Jane Alexander (born October 28, 1939) is an American actress. Born Jane Quigley in Boston, Massachusetts, her parents were Bart Quigley (who was of Irish and German descent) and Ruth Pearson, whose mother was born in Nova Scotia, Canada. Alexander then studied at Sarah Lawrence College and the University of Edinburgh before beginning to act on the stage in Washington, DC.
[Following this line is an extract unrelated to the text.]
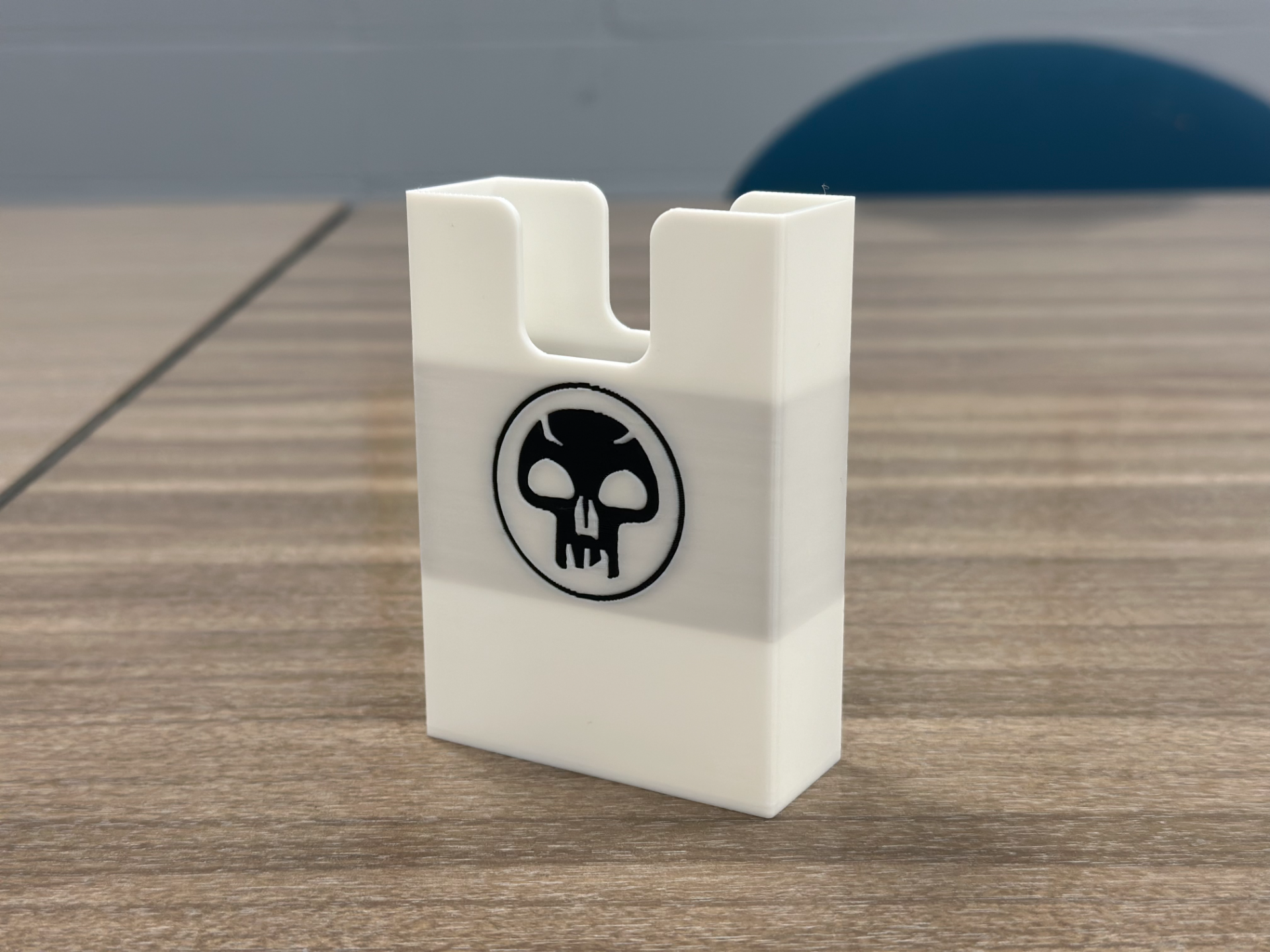 Upgraded <Token Holder Box> with Black Mana Source Sign!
She performed for several years at the Shakespeare Theater in Stratford Connecticut (including a fine performance in the title role of Major Barbara). In 1969 she debuted on Broadway in The Great White Hope for which she won a Tony Award as Supporting or Featured Actress - Play and took it to Hollywood, where she was nominated for the Academy Award for Best Actress. She received other nominations for All the President's Men (1976) and Kramer vs. Kramer (1979). She has starred in the television productions of Eleanor and Franklin and Eleanor and Franklin: The White House Years. Other television movies include Playing for Time, Calamity Jane, Malice in Wonderland, Blood & Orchids, In Love and War, and Daughter of the Streets. In 1983, she received another Oscar nomination for the post-nuclear war film Testament which co-starred William Devane.
In 1993, President Bill Clinton appointed her chairman of the National Endowment for the Arts. She served until 1997.
In 2005 she won an Emmy Award for Best Supporting Actress in a TV Movie/Miniseries, for her role as Sara Roosevelt in HBO's Warm Springs.